PaulNasso1Raising sons—or daughters, for that matter, is not for the fainthearted. I raised two strong sons. There were trials, and I found myself walking through burning embers of emotion more than once. My sons are plagued with learning disabilities as am I and as their father was. This is my oldest son’s journey through what I will call socially-acceptable learning and his young life.

He spent his formative years watching his father die.  He lashed out and broke toys, windows or anything else that fell into the way of his fists.  He had reached eight by the time he started pouring out his soul on paper, drawing facial portraits of family members in pencil: things of beauty meant to hang in wooden frames on parlor walls.  He had reached nine when he traded the delicate shadings depicting noses for deep hollows around bold eyes screaming from naked skulls carved from clay.
He spent seven years in public schools being knocked about for his angry ways that were nestled in frustration, and seven more bathed in the caring arms of an academy built by a man who knew all children were not created to fulfill teachers’ daydreams.
He spent his spare time learning to explode things: bushes, clumps of grass and watched funnels of ocean leap up to escape M80s; only to fan out and return to the surface.  He stopped on the day he managed to put together real blasting powder from common items and nearly blew two hands off one his, the other belonging to his best friend.  He felt his anger start to fade.
He looked into colleges and found one far away from the source of his trouble: his home and family.  He roomed with a young man who was to become a nuclear physicist, and spent two hours to his roomie’s half hour on homework a fraction as hard.  He pondered the irony of the dinners of honor created for those who walked through learning as he sat as his desk hunkered over books beyond his comprehension.  He wondered where the honor would lie for him if at all.

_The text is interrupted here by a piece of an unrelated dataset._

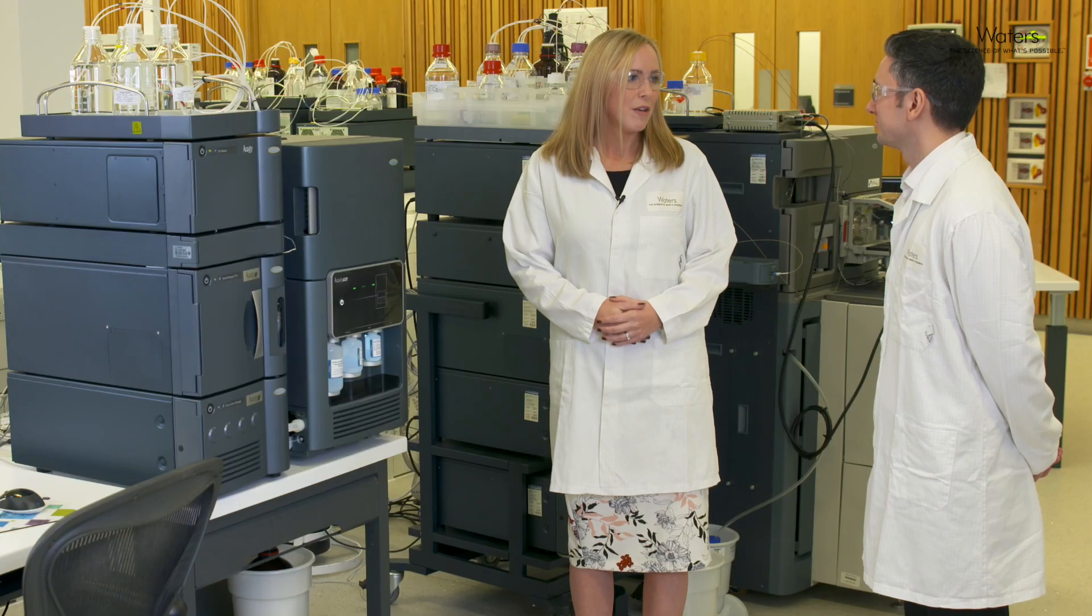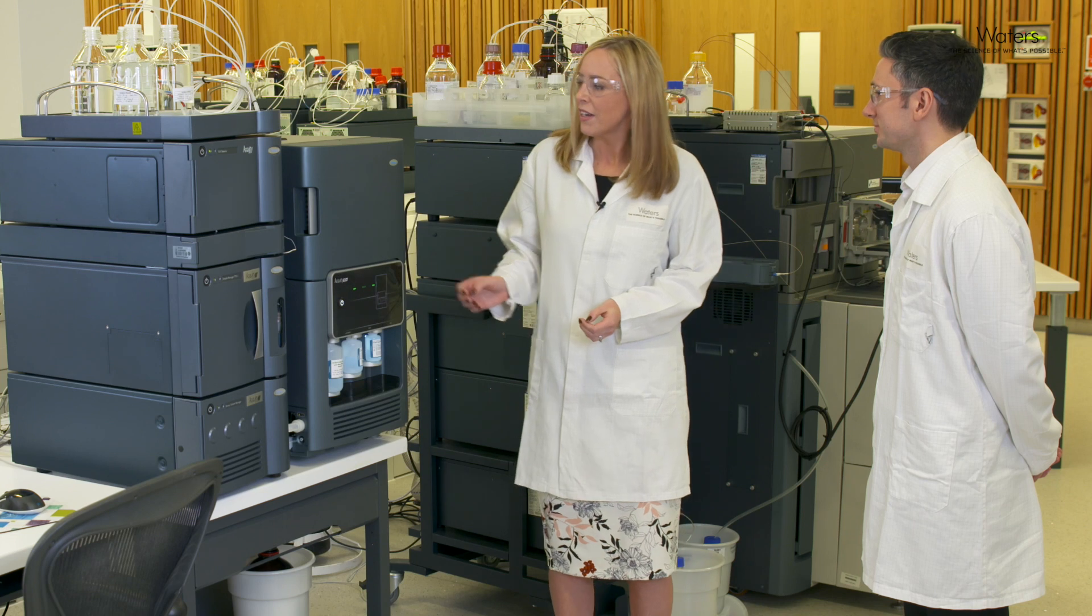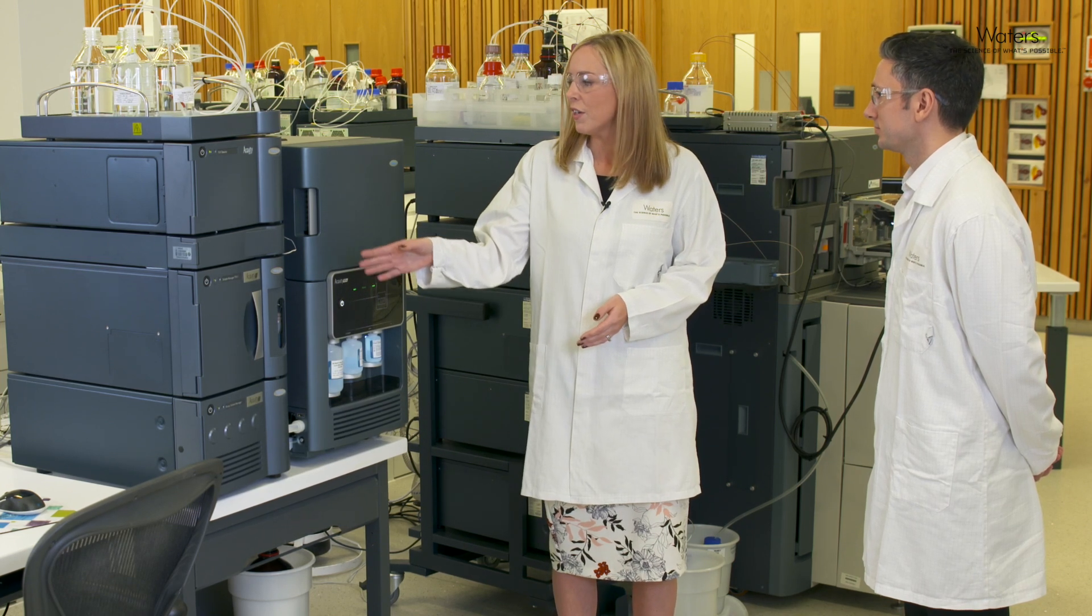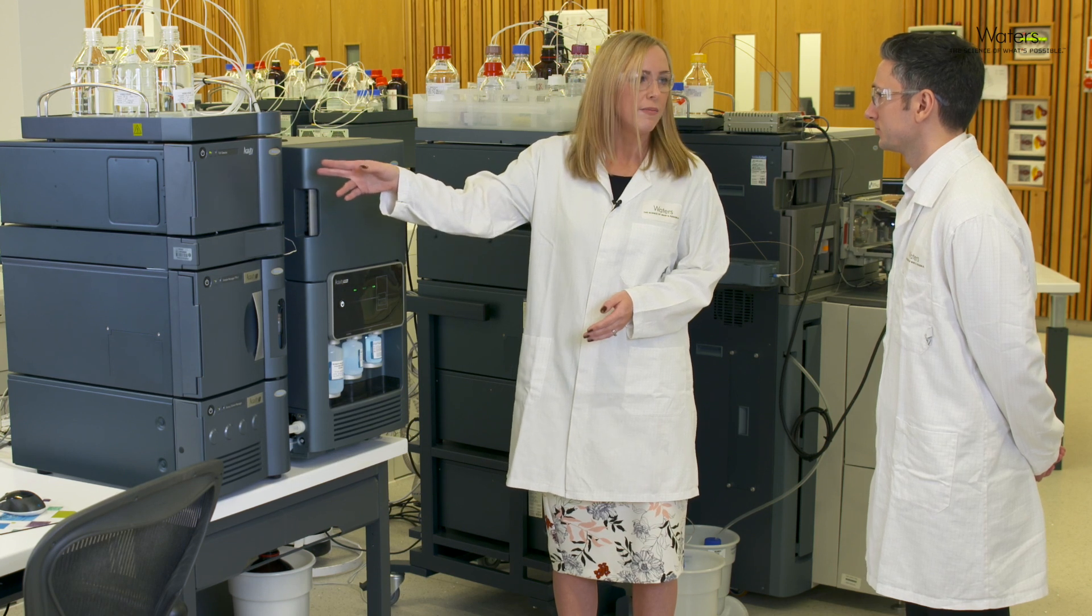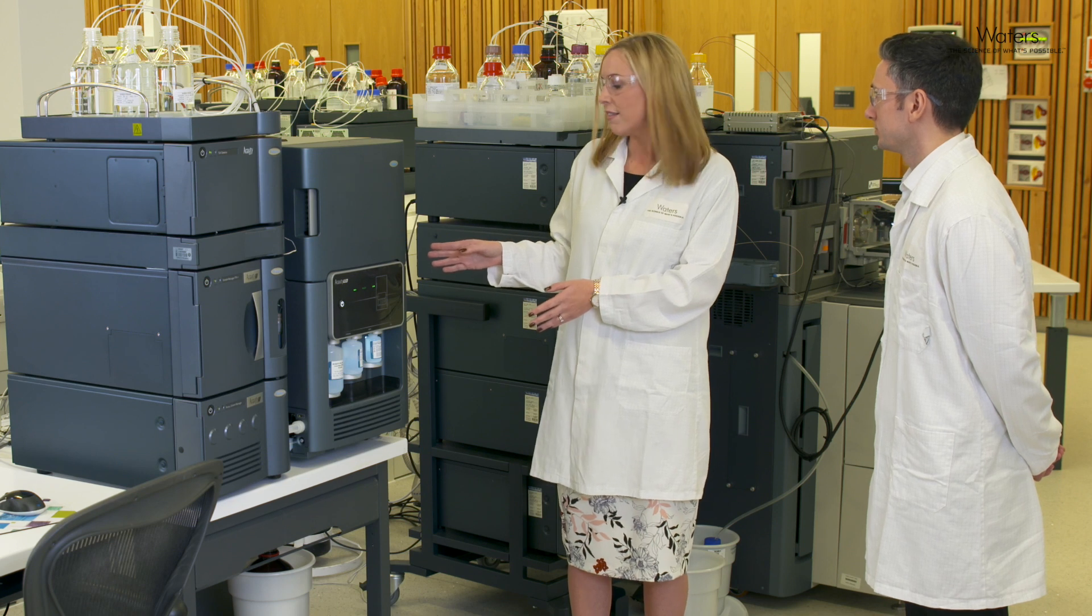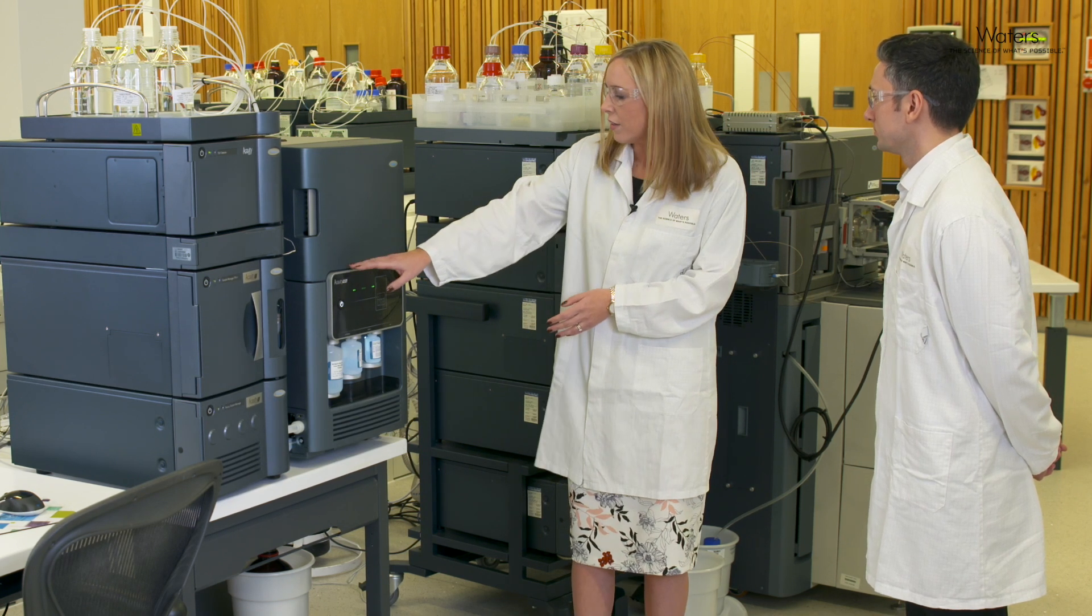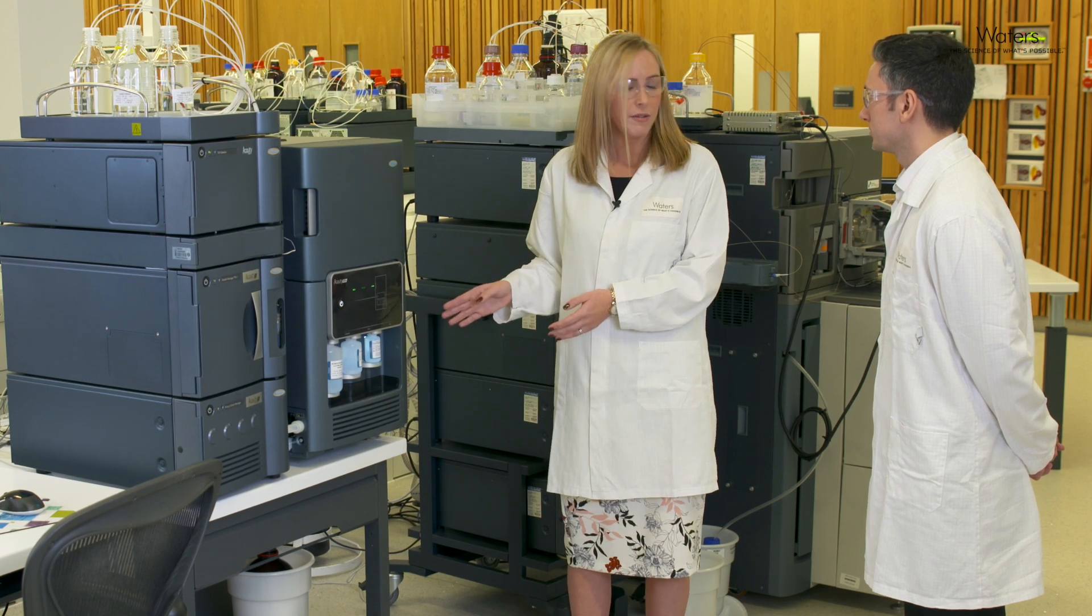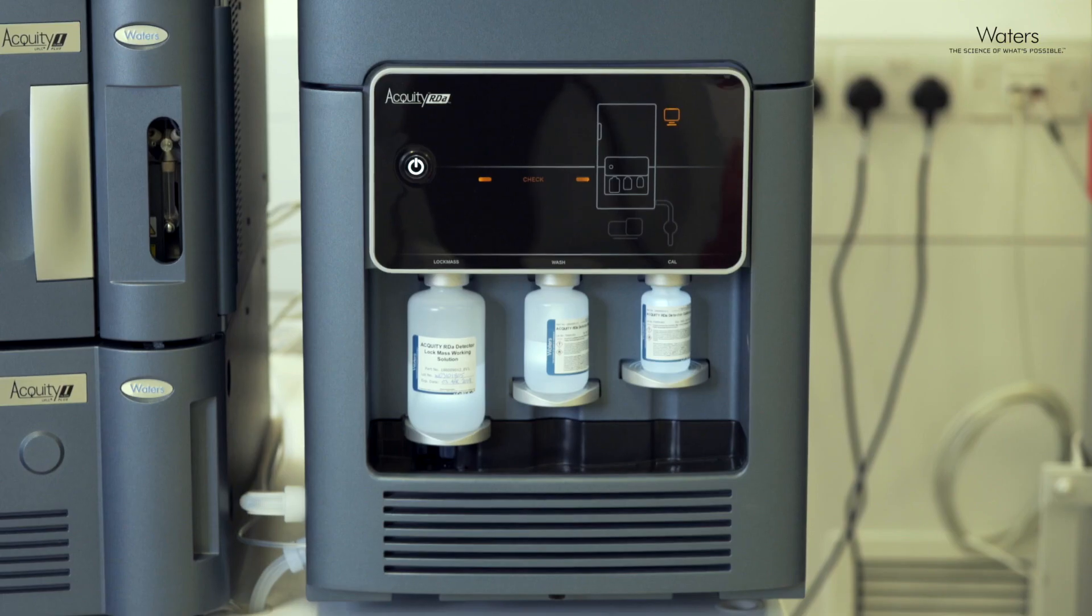So this is the BioAccord system. It's made up of an Acquity i-Class Plus UPLC system with a column heater and a TUV detector. At the heart of the system is the Acquity RDa time of flight mass spectrometer. The RDa has a front panel here which indicates the state of the system whether it's ready, running or it has an error to check.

He gave up and put his books to rest, deciding to excel in the frat houses.  He got an “A” in funneling that year and poured the most and the best of brews down his gullet until his family came and brought him back to the place he least wanted to be.
He spent nine months in his room until his mother pushed him out the door to Salem State; and another six weeks in summer school, living on campus in Peabody Hall, pouring over his books, becoming Student of the Summer: a distinguished member of the group.  He found his smile.
He moved to Bates Complex in the fall; and the supports that gave him what he needed most ripped away, tearing with it the healing that had been accomplished that summer.
On October 2nd, 1996 my son moved home, raw and unforgiving, resolving never to step foot in a house of education again.